Comme je tentais de reconstituer la survie immédiate du mouvement – ce qui s’est passé du vivant de ses participants – j’ai repensé à une image qui vient du livre que Reclus préférait parmi tous ceux qu’il a écrits, L’Histoire d’un ruisseau. Dans ce petit livre, destiné aux écoliers, et qui figurait souvent parmi les prix distribués aux élèves à la fin de l’année, il évoque « la forme serpentine » des « ruisselets [...] qui se creusent sur la plage de l’Océan après le reflux de la marée ». Si, pour nous, la marée est à
la fois la grandeur de l’aspiration et des accomplissements de la Commune et la violence du massacre qui l’a écrasée, dans le sillage, mais aussi au cœur même de ces deux mouvements de forces antagonistes gigantesques apparaît déjà, dans le sable, un
minuscule réseau de bulles d’air, signes de la présence d’un monde invisible. Ce système d’échanges rapides, de croisements et de collaborations, de formes symboliques de solidarité et de rencontres sporadiques, aussi éphémère fût-il, exerce lui-même une force d’entraînement – et c’est ce que j’ai essayé de faire apparaître dans la dernière partie du livre.

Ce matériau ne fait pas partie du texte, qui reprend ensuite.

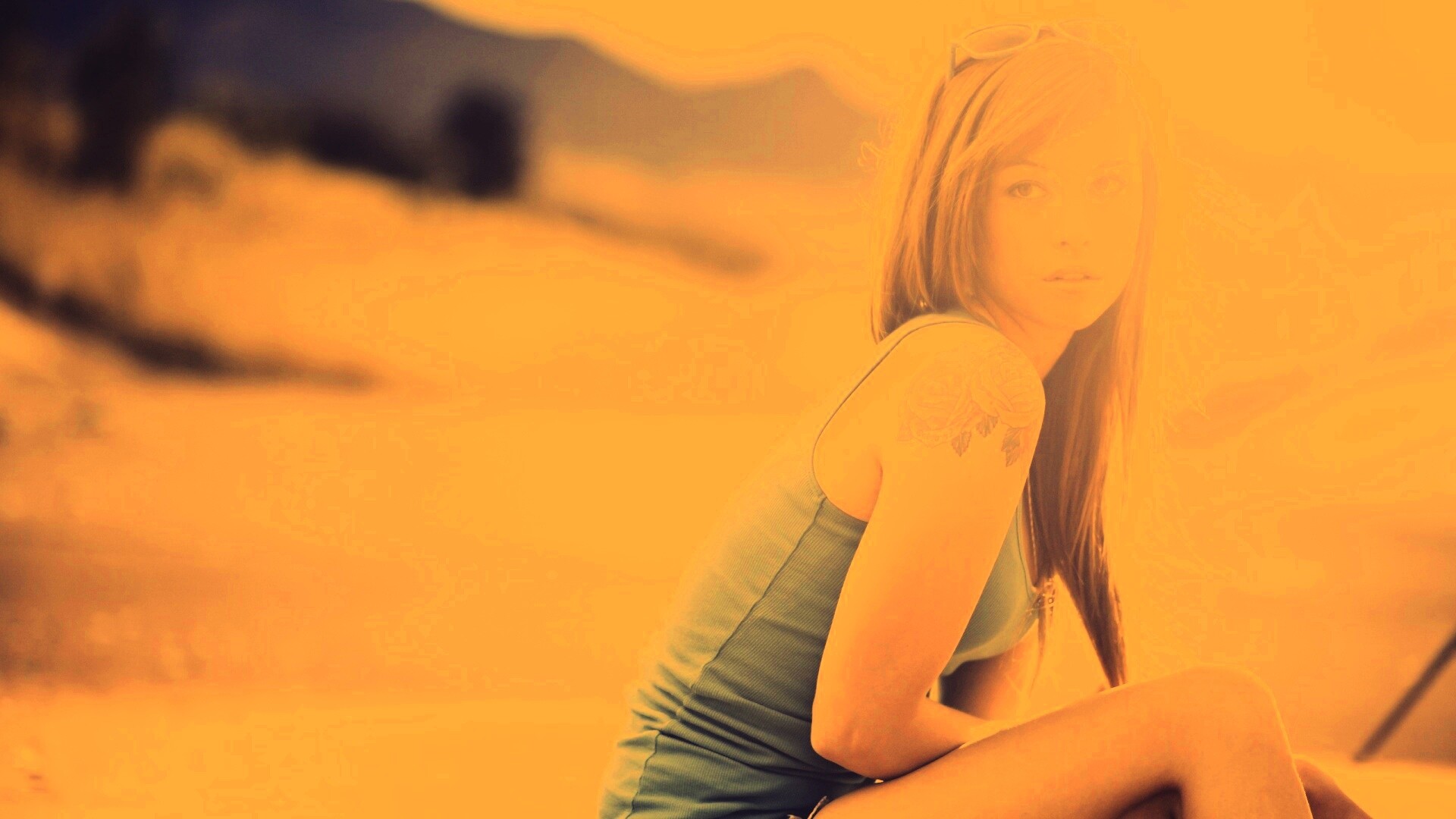 Синяя кофточка обои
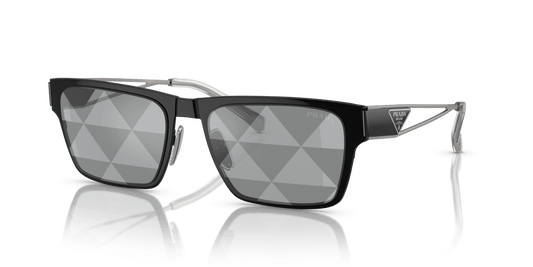 Prada PR 71ZS Black-Grey Tampo Triangles Silver Sunglasses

L’Histoire d’un ruisseau a aussi un autre intérêt pour nous, celui de nous aider à comprendre la puissance historique disproportionnée de la Commune rapportée à l’échelle relativement modeste de l’événement. Le livre faisait partie d’une collection dirigée par Pierre-Jules Hetzel, éditeur de Jules Verne,
Proudhon et Tourgueniev, qui l’avait conçue avec cette ambition encyclopédique typique du milieu du xixe siècle : il s’agissait d’offrir aux adolescents une « littérature d’histoires » – l’histoire des choses et des éléments dont on considère généralement qu’ils n’en ont pas. Un célèbre astronome écrivit donc une histoire du ciel, et Viollet-le-Duc une histoire d’un hôtel de ville et d’une cathédrale. Le choix de Reclus d’écrire l’histoire d’un ruisseau reflétait sa prédilection pour une échelle géographique non
pathologique, qui pouvait être celle du champ par exemple, ou du village ou du quartier. Une représentation assez juste de la Commune serait de dire qu’elle possède les qualités que Reclus attribue dans son livre au ruisseau. Son échelle et sa géographie
sont de l’ordre du vivable, non du sublime. Le ruisseau, selon lui, était supérieur au fleuve en raison de l’imprévisibilité de son cours. Quand les torrents d’eau de la rivière se précipitent dans le profond sillon déjà creusé par les milliards de litres qui les ont précédés, le ruisseau suit son propre chemin.
Pour cela même, en proportion, les eaux du moindre ruisseau sont beaucoup plus puissantes que celle de l'Amazone.